Activity: Which lines run from the one containing "哪里有西甲历史总射手榜?" to the end of the entries below? Reproduce them exactly, both ends included.

Dataset items:
• • • •

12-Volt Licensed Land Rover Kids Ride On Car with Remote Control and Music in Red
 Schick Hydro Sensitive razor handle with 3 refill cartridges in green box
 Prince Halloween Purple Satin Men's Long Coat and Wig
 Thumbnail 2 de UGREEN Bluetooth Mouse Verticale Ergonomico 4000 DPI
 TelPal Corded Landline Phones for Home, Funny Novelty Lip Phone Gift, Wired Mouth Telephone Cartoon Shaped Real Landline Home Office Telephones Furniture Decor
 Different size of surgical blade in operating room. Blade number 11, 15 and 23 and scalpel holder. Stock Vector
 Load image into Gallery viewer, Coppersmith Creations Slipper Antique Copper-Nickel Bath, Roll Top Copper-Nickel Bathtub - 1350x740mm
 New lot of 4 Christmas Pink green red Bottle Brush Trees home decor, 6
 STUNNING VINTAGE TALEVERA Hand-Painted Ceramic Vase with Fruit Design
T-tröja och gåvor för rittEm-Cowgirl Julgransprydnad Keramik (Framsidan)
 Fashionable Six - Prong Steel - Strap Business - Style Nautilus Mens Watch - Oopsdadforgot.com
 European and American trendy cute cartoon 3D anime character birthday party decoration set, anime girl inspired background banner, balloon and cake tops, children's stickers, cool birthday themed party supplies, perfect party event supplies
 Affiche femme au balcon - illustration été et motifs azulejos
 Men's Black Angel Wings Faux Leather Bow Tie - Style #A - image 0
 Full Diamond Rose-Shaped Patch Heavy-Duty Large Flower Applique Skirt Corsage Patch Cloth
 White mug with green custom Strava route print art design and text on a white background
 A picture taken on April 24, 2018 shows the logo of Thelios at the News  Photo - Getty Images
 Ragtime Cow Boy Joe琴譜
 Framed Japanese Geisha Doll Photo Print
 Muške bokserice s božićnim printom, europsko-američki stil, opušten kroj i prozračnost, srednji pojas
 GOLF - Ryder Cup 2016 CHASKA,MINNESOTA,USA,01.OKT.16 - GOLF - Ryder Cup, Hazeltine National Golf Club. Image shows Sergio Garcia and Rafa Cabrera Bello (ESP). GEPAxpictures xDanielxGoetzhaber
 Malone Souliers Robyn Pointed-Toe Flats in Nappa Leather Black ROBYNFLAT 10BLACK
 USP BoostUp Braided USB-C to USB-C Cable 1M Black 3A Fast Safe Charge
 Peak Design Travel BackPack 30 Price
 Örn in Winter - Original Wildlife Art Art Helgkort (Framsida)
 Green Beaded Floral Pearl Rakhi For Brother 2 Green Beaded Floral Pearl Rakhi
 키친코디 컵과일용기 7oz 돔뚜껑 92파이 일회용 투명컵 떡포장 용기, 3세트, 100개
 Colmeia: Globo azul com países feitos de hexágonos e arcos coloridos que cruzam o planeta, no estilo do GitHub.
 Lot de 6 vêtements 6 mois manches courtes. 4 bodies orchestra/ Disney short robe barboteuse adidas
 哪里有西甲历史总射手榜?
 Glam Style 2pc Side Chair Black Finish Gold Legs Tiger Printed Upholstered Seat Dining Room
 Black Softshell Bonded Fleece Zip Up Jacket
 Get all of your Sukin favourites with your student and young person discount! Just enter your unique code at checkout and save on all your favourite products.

• • • •

Solution to this task:
 哪里有西甲历史总射手榜?
 Glam Style 2pc Side Chair Black Finish Gold Legs Tiger Printed Upholstered Seat Dining Room
 Black Softshell Bonded Fleece Zip Up Jacket
 Get all of your Sukin favourites with your student and young person discount! Just enter your unique code at checkout and save on all your favourite products.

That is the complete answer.